For me the answer is pretty simple, these games need a hardcore mode with all the progression unlocks etc. And it needs a free-roam or arcade mode for the casuals with everything unlocked, or easier to unlock.
When you realize this you also realize why the developers do not do it. Their goal is to sell DLC and microtransactions. They need to base the entire design around this. It just turns out that the casuals are usually the ones more willing to pay IRL money to progress through the bullshit, and the younger hard core player is the one that is looking for the grind.
Turns out this design can fool people for a couple of console generations, but in the end it has led to both groups of players being jaded and dissatisfied.
6 - Nail the driving physics model and freedom.
A great comparison was made on Failrace's Video on the then new NFS 2015. He compared the game to NFSU 2, from the environent to events and tunability. But he nailed one thing too, driving mechanics on NFSU 2 are simpler but yet much better and with more degrees of freedom.
That by itself increases the replayability in many degrees.
I really enjoy The Crew Motorfest, much more than Horizon, simply because it doesn't give you a bazillion hypercars after a wheelspin. You do obtain some powerful cars after the biggest playlists, sure, but if you want to build your car collection and have different playstyles, you need to play for more than a few hours. And I really think each playlist managed to implement a great vibe to the open world we're racing in, but I'm a bit disappointed that they don't appear in free roam.
However, I do think the sense of exploration should have been more used for collectables. Once you complete a playlist, a bunch of collectables appear on the map and the way to find them is just to follow dots on the mini-map. If they did work like the treasure system, it would have been more tedious but there would have been more incentive to explore. Same for the mini challenges, they're pointed right when you launch the playlist, there's nothing hidden.
I have 50+ hours with Motorfest and I still enjoy it, even though the grind to get the best parts is becoming tedious, but Grand Races and Demolition Royale is great fun, and the weekly Summit challenges definitely gives longevity.

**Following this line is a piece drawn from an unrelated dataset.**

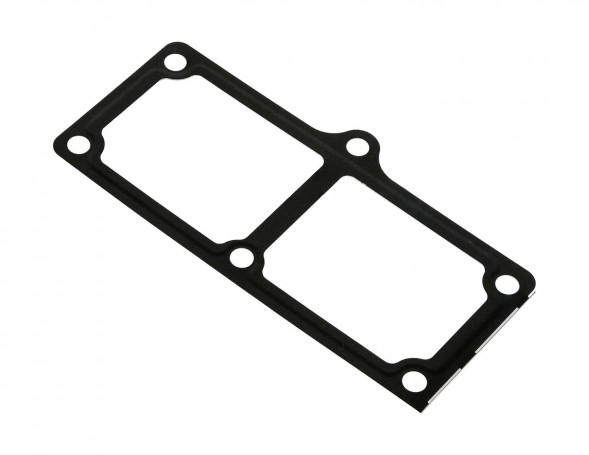 Прокладка выпрямителя Marine Rocket (F130-01.09.00.09)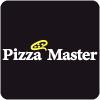 Pizza Masters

I really do think Motorfest did some stuff better than Forza Horizon (for gameplay variety and progression) and NFS Unbound (mostly for the online game mode). I also had a good fun with 2K Drive, but its online mode was barebones af.
I hate the always online requirement in many racing games nowadays. I have Crew Motorfest, Gran Turismo 7, Etc, but the always online is something i put up with, rather than enjoy
I agree with all points with the exception of one, the getting rid of/not forcing open worlds. I don't think it would work in the current scene of car culture because most will want to cruise around with friends, drift wherever they want, take photos whenever and wherever, and a few other reasons.
Arcade track racers are dead and I think it's because they don't have an open world. GRID and DIRT have great original and real tracks to drive around but the games are mostly forgotten and I don't think it's because of the physics being a bit wonky or because some features are buggy or missing from previous titles.
While I personally love arcade track racers and don't mind games without an open world, I don't think the majority of people will appreciate that.
Loved the ideas though, keep them coming!
Nah they are still good. Open worlds SUCK.